Face à l’échec des chiffres, il y a cette autre scène, comme une transe ésotérique. Neige est au hammam, entre les mains d’une harza (laveuse) aux cheveux acajou. Cette femme, je la connais, mais je ne la reconnais pas. C’est Messaouda Dendoune. La célèbre yemma (maman) de mon ami Nadir Dendoune, celle qui crevait l’écran dans Des figues en avril, le film que son fils lui a dédié. Ici, elle n’a plus rien d’une yemma pudique et dévouée, mais tout d’une sorcière mystique, d’une gardienne du temple des femmes – on connaît le talent de Maïwenn pour la direction d’acteurs. Et la harza ainsi incarnée saisit entre ses mains le visage épuisé de Neige : “- Vous êtes algérienne. Vous êtes algérienne. Vous êtes algérienne ”, comme une formule magique capable de sortir Neige de la tourmente et de clôturer un récit initiatique millénaire.

Neige, elle a de la chance”

“- Ah, toi aussi, tu es enrhumée?” Je ne veux pas que Carmen sache que j’ai pleuré. Elle, en revanche, assume parfaitement : “- Ohlala, j’ai pleuré sans m’arrêter pendant 1h30! ” Je dis que moi aussi, je n’ai plus honte. On quitte le Louxor pour aller boire un verre en face, à la Brasserie Barbès. Le film nous a bouleversées, je sens que les larmes peuvent monter à n’importe quel moment. On parle de Neige et de Maïwenn comme d’une seule et même personne qui nous serait familière. Et puis, pudiquement, on commence à parler de nous. Aucune de nous ne sait d’où elle vient. Enfin si. Elle vient d’Espagne, je viens d’Algérie. Mais nos parents ne nous ont rien transmis de notre histoire, par amour. Comme le fait le personnage de Yamina dans le dernier roman de Faïza Guene, La discrétion. Dans les années 1980, un enfant heureux est un enfant assimilé.

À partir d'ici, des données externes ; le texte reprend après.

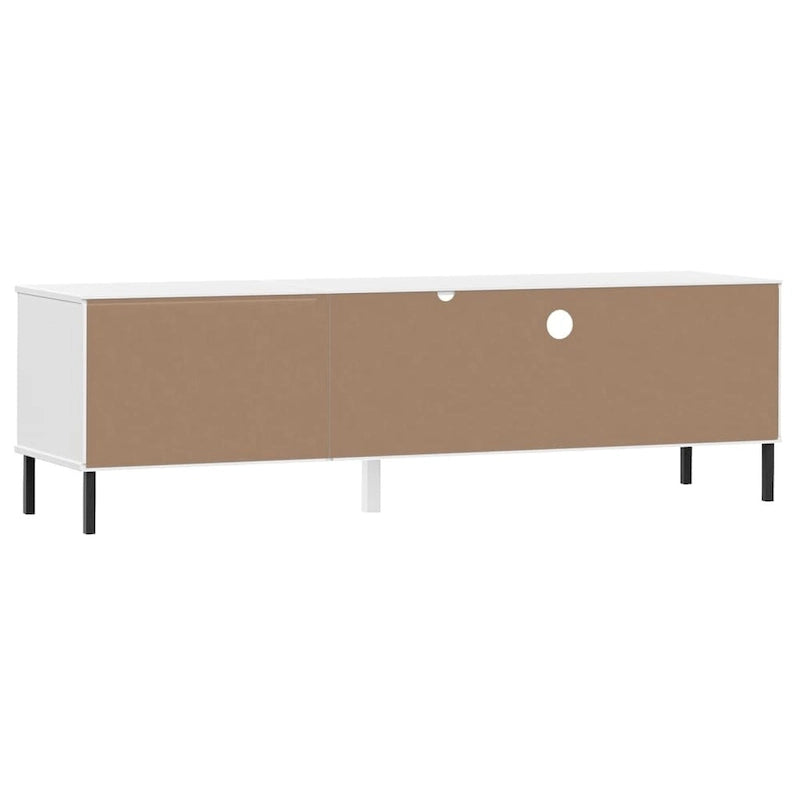 TV Stand TV Console TV Console with Metal Legs Solid Wood Pine OSLO - 62.2 x 15.7 x 18.3
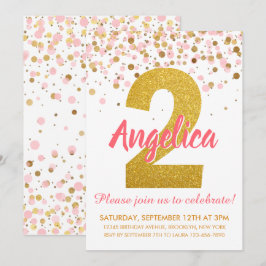 Rosa Guld Glitter Confetti Girl Second Birthday Inbjudningar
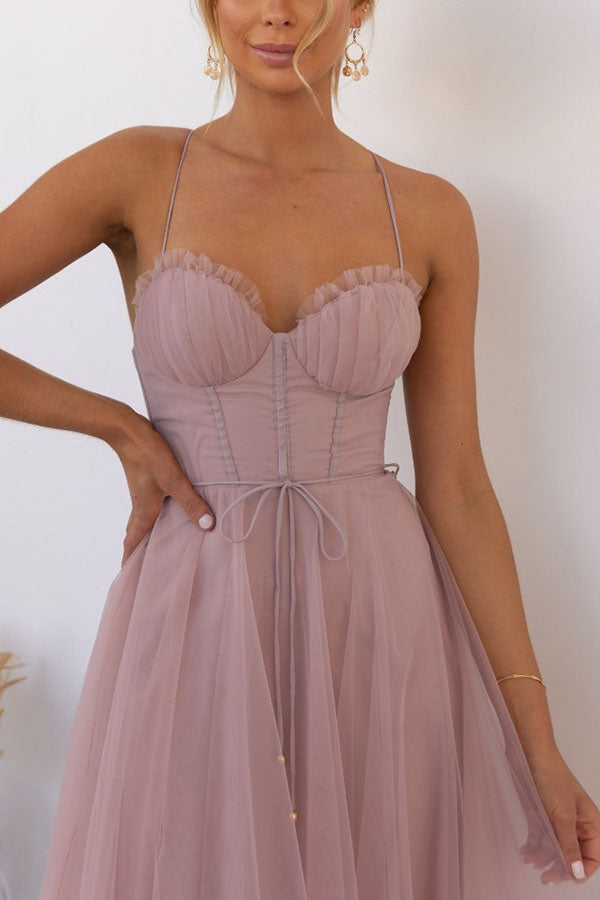 Robe longue femme – Décolleté en V – Bretelles fines – Tissu fluide et léger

Aujourd’hui, le retour du refoulé nous hante et nous vivons en quête permanente.

Mais la quête est difficile quand il ne reste aucune trace. Je repense au livre d’Émir, dans lequel sont consignés photos et souvenirs. De ses activités d’agent de liaison pendant la guerre au massacre d’octobre 1961, de sa thèse de Doctorat aux vacances en Algérie. Le pire, je trouve, c’est la disparition. Quand on n’a pas eu le temps de collecter les histoires. Moi, je suis hypermnésique. Je me souviens de tout. Mais c’est normal, j’ai beaucoup de place dans ma mémoire où l’on ne trouve rien d’autre que les souvenirs de mon père et de ma mère. Je dis à Carmen, un peu jalouse : “- Neige, en fait, elle a de la chance.”